__What to produce__. For the listing below, output exactly the lines from the line with "Suport de perete" up to and including the line with "Habitación en alquiler, Barcelona", and no other lines.

__Stored data__.

====================

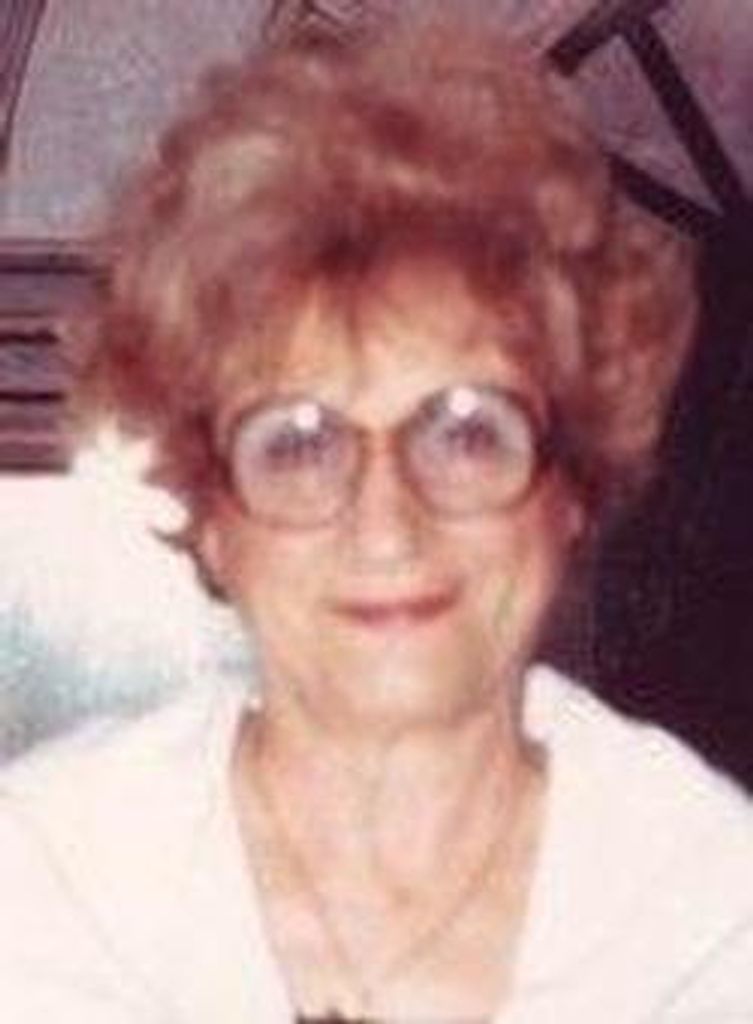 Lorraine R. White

====================

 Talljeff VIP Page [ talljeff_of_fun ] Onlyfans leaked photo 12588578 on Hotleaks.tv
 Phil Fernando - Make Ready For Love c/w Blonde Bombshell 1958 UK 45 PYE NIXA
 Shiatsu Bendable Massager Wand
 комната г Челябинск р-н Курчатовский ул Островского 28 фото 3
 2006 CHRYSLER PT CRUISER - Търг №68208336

====================

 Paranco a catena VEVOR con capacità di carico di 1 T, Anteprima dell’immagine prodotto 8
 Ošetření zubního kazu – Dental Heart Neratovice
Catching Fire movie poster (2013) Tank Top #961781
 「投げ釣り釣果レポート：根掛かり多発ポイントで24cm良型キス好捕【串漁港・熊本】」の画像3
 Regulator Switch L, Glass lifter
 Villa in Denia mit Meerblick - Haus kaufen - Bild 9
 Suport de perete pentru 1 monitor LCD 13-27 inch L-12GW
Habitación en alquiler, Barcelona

====================

__Answer to the problem__.
 Suport de perete pentru 1 monitor LCD 13-27 inch L-12GW
Habitación en alquiler, Barcelona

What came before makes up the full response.